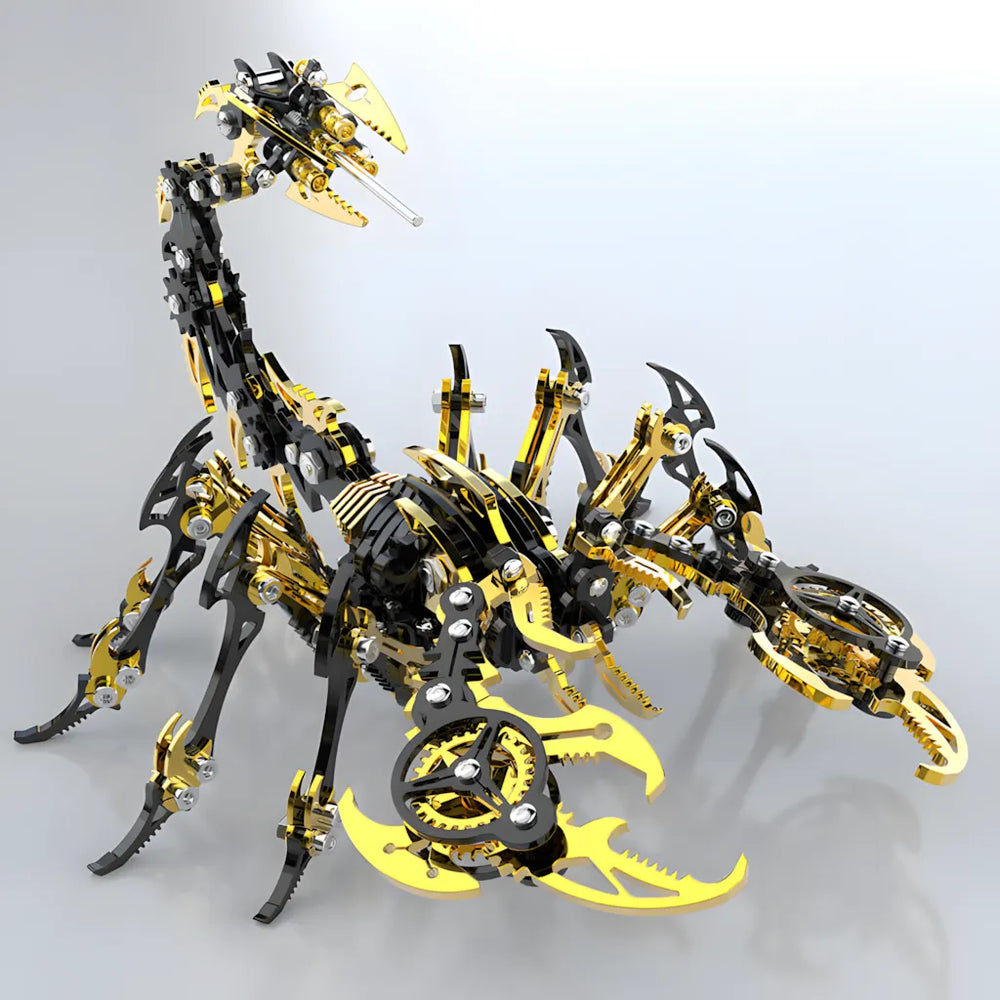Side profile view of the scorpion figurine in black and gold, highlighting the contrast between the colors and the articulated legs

...

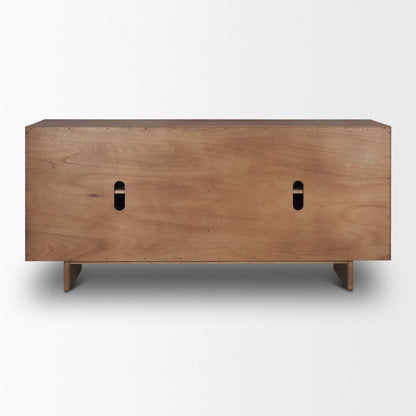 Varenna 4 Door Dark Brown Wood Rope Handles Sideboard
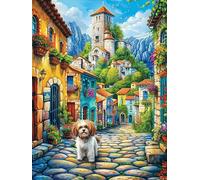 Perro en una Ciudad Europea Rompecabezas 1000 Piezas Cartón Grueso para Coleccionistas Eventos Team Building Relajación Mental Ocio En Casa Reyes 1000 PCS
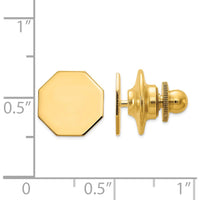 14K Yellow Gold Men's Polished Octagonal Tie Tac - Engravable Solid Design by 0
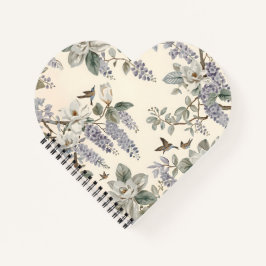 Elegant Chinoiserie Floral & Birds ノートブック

== How to complete this task ==
Exactly as written above, retype the lines starting at the one holding "Perro en una" and ending at the one holding "Elegant Chinoiserie Floral & Birds ノートブック", both included, but not the pictures.

== Completed exercise ==
 Perro en una Ciudad Europea Rompecabezas 1000 Piezas Cartón Grueso para Coleccionistas Eventos Team Building Relajación Mental Ocio En Casa Reyes 1000 PCS
 14K Yellow Gold Men's Polished Octagonal Tie Tac - Engravable Solid Design by 0
 Elegant Chinoiserie Floral & Birds ノートブック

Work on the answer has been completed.